_Task goal_
Copying rule for the data below: pictures stay out, and only the lines from the one with "Fantasy Floral Wreath" down to the one with "The Pocketboy Pro", inclusive, are repeated exactly.
Start of Data
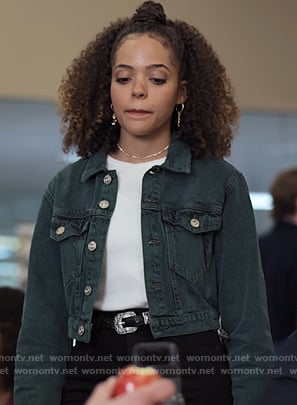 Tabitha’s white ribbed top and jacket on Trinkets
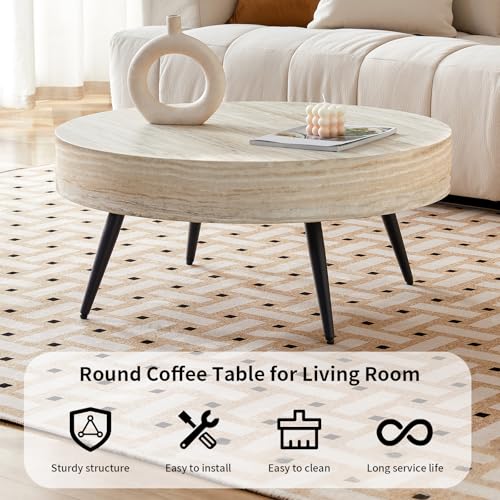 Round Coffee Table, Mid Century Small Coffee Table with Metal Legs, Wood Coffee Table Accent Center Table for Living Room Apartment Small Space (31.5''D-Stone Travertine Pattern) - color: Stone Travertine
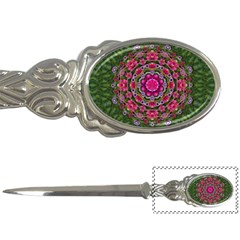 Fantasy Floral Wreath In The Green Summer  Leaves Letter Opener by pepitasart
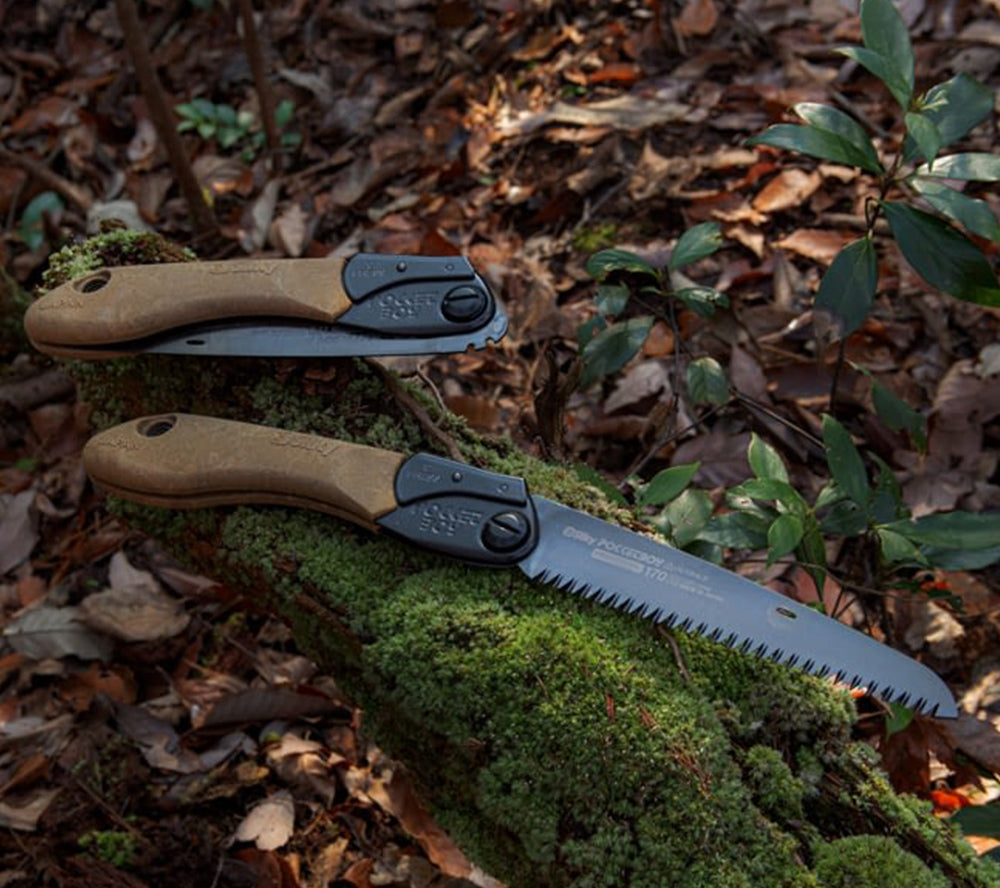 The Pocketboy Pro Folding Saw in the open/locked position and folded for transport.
End of Data
Start of Data
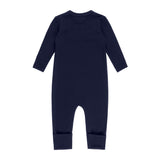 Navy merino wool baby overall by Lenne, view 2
End of Data
_Solution to the problem_
 Fantasy Floral Wreath In The Green Summer  Leaves Letter Opener by pepitasart
 The Pocketboy Pro Folding Saw in the open/locked position and folded for transport.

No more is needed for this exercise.